Open 3f18db19-85d0-42b5-b58f-dbfbd8cbce51 opened 10 years ago
Re-suggest instead using the __float80 type to solve the problem. The precision isn't needed, but the other option is some even uglier SSE to handle it.
I'd suggest using SSE. The problem is compiler choice in use of float sizes and that solves it. 80 bit isn't reasonable, although float32 or 64 is an option.
http://cottonvibes.blogspot.com/2010/09/using-volatile-keyword-to-prevent-float.html claims that the volatile reload forces a 32 bit round. This seems fishy from my memory of x87 and osdev claims the opposite:
http://wiki.osdev.org/FPU claims instead,
"Sending data to, and pulling data from the 8 FPU registers, ST(0) through ST(7), must be performed using system memory. It is not possible to directly copy values from a CPU register to an FPU register. The FPU can copy data from/to system memory in the following formats: 16-Bit Integer, 32-Bit Integer, 32-Bit Float (single), 64-Bit Float (double), and 80-bit Float (extended double).

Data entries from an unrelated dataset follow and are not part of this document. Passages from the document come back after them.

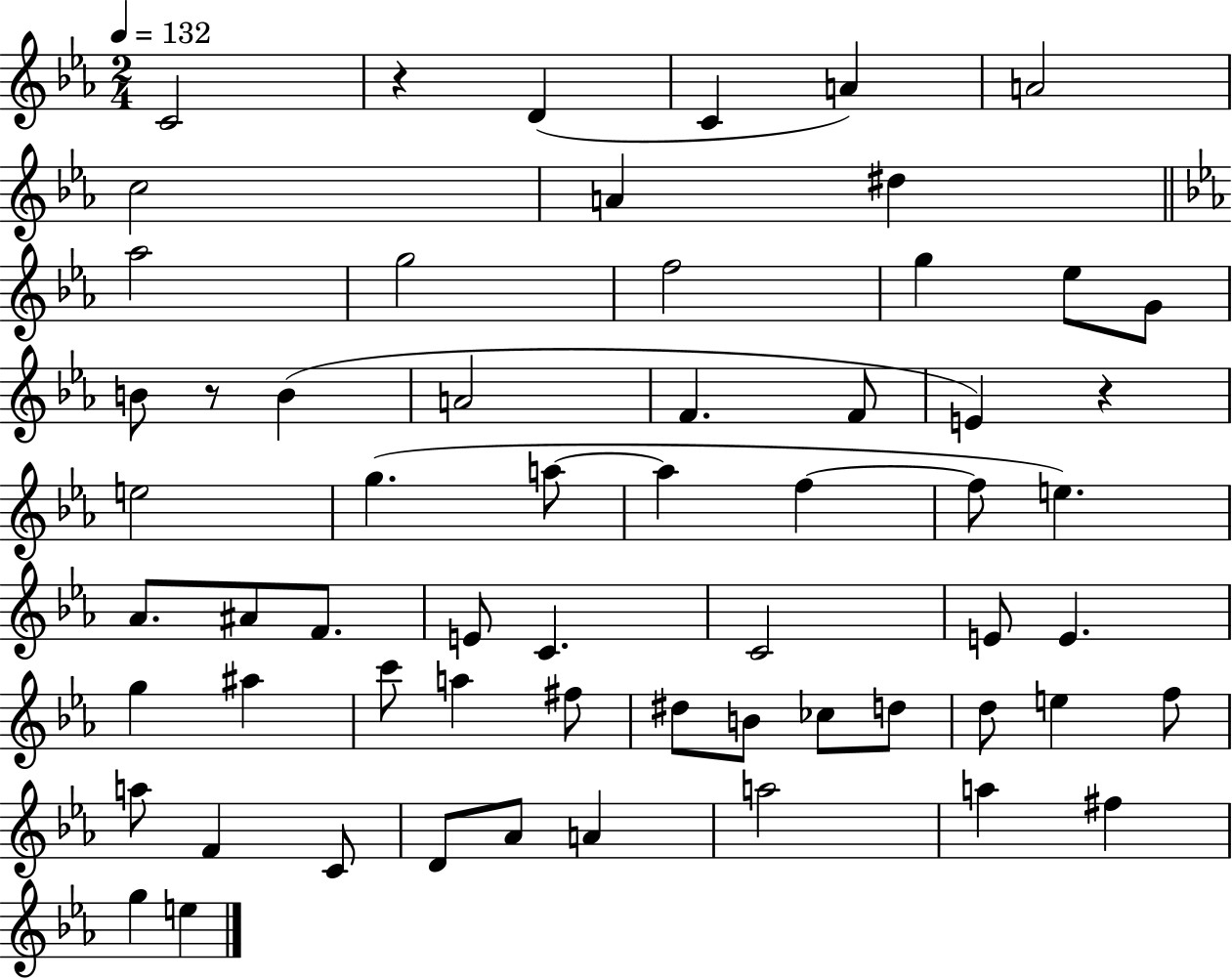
X:1
T:Untitled
M:2/4
L:1/4
K:Eb
C2 z D C A A2 c2 A ^d _a2 g2 f2 g _e/2 G/2 B/2 z/2 B A2 F F/2 E z e2 g a/2 a f f/2 e _A/2 ^A/2 F/2 E/2 C C2 E/2 E g ^a c'/2 a ^f/2 ^d/2 B/2 _c/2 d/2 d/2 e f/2 a/2 F C/2 D/2 _A/2 A a2 a ^f g e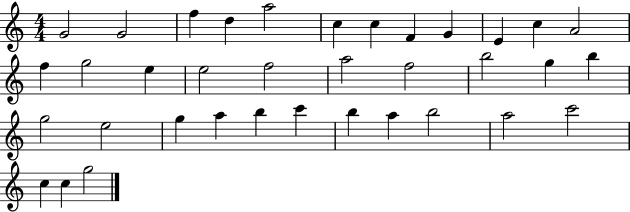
X:1
T:Untitled
M:4/4
L:1/4
K:C
G2 G2 f d a2 c c F G E c A2 f g2 e e2 f2 a2 f2 b2 g b g2 e2 g a b c' b a b2 a2 c'2 c c g2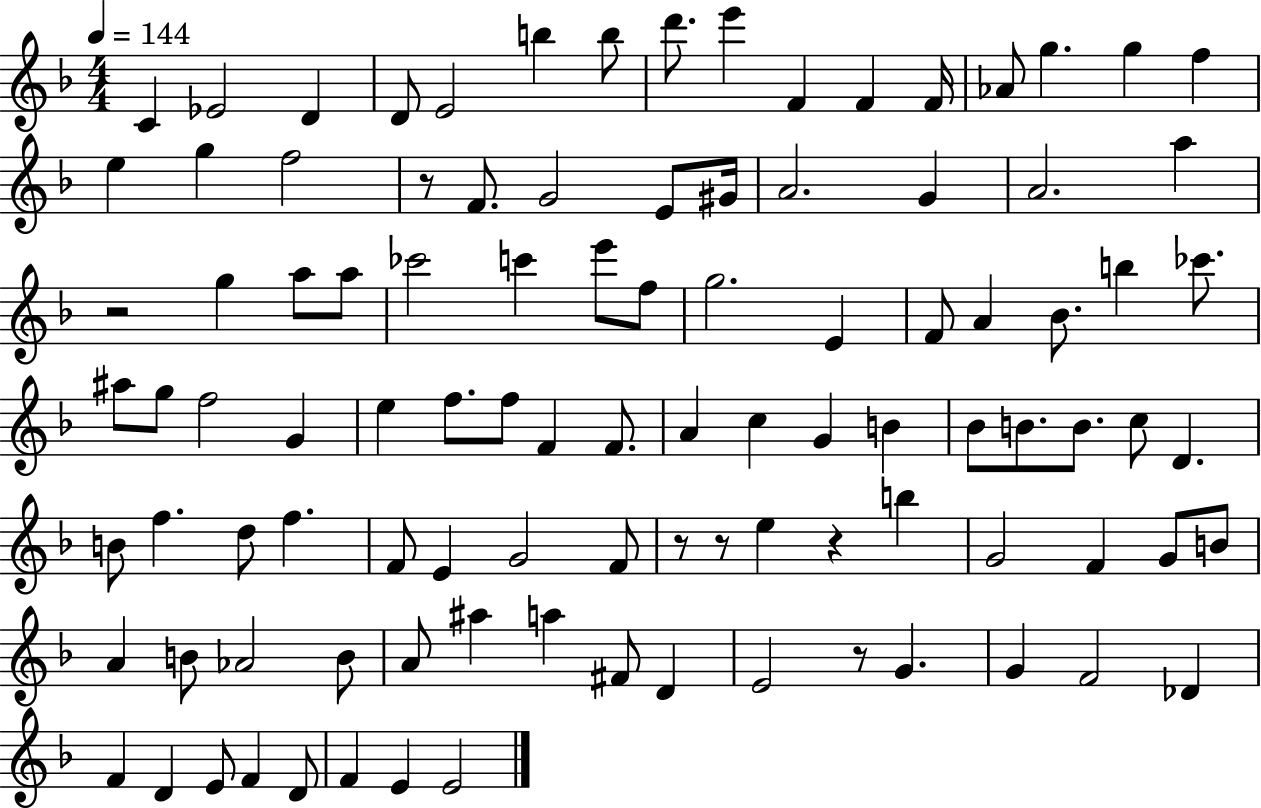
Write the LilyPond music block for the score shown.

{
  \clef treble
  \numericTimeSignature
  \time 4/4
  \key f \major
  \tempo 4 = 144
  c'4 ees'2 d'4 | d'8 e'2 b''4 b''8 | d'''8. e'''4 f'4 f'4 f'16 | aes'8 g''4. g''4 f''4 | \break e''4 g''4 f''2 | r8 f'8. g'2 e'8 gis'16 | a'2. g'4 | a'2. a''4 | \break r2 g''4 a''8 a''8 | ces'''2 c'''4 e'''8 f''8 | g''2. e'4 | f'8 a'4 bes'8. b''4 ces'''8. | \break ais''8 g''8 f''2 g'4 | e''4 f''8. f''8 f'4 f'8. | a'4 c''4 g'4 b'4 | bes'8 b'8. b'8. c''8 d'4. | \break b'8 f''4. d''8 f''4. | f'8 e'4 g'2 f'8 | r8 r8 e''4 r4 b''4 | g'2 f'4 g'8 b'8 | \break a'4 b'8 aes'2 b'8 | a'8 ais''4 a''4 fis'8 d'4 | e'2 r8 g'4. | g'4 f'2 des'4 | \break f'4 d'4 e'8 f'4 d'8 | f'4 e'4 e'2 | \bar "|."
}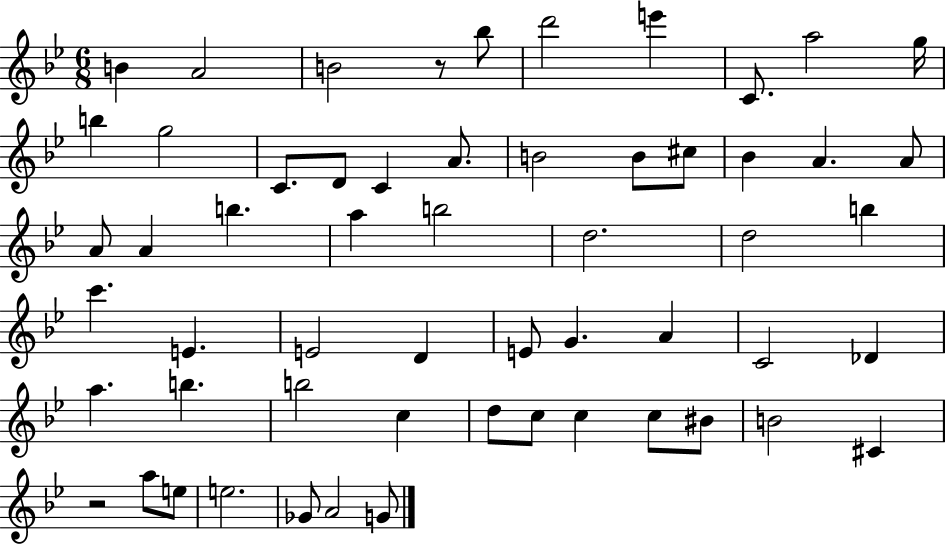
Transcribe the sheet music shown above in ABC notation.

X:1
T:Untitled
M:6/8
L:1/4
K:Bb
B A2 B2 z/2 _b/2 d'2 e' C/2 a2 g/4 b g2 C/2 D/2 C A/2 B2 B/2 ^c/2 _B A A/2 A/2 A b a b2 d2 d2 b c' E E2 D E/2 G A C2 _D a b b2 c d/2 c/2 c c/2 ^B/2 B2 ^C z2 a/2 e/2 e2 _G/2 A2 G/2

The FPU also supports reading and writing a 80-bit Binary Coded Decimal (BCD) format, which contains a single "sign" bit, 7 reserved bits, and 18 four-bit hexadecimal "characters".
When reading values from system memory, the extended double format is copied directly into the FPU register, while the other formats are converted to the 80-Bit extended double format before being stored in the FPU register. When writing values to system memory, the 80-bit value is copied directly when storing the extended double format, and is converted to the appropriate structure for the other formats. This conversion includes rounding the value based on the current rounding settings in the FPU Control Register. "
It seems that storing the memory stack as 80 bit float on x86 removes the rounding that otherwise occurs. A similar situation would exist on ARM and most other processors so this may be a solution.
assigned to @dexonsmith
Extended Description
In r206765 I added a volatile float to work around buildbot failures from hidden precision in x87.
This is a horrible hack and should be removed somehow, ideally by removing the use of
float
for spill weights entirely.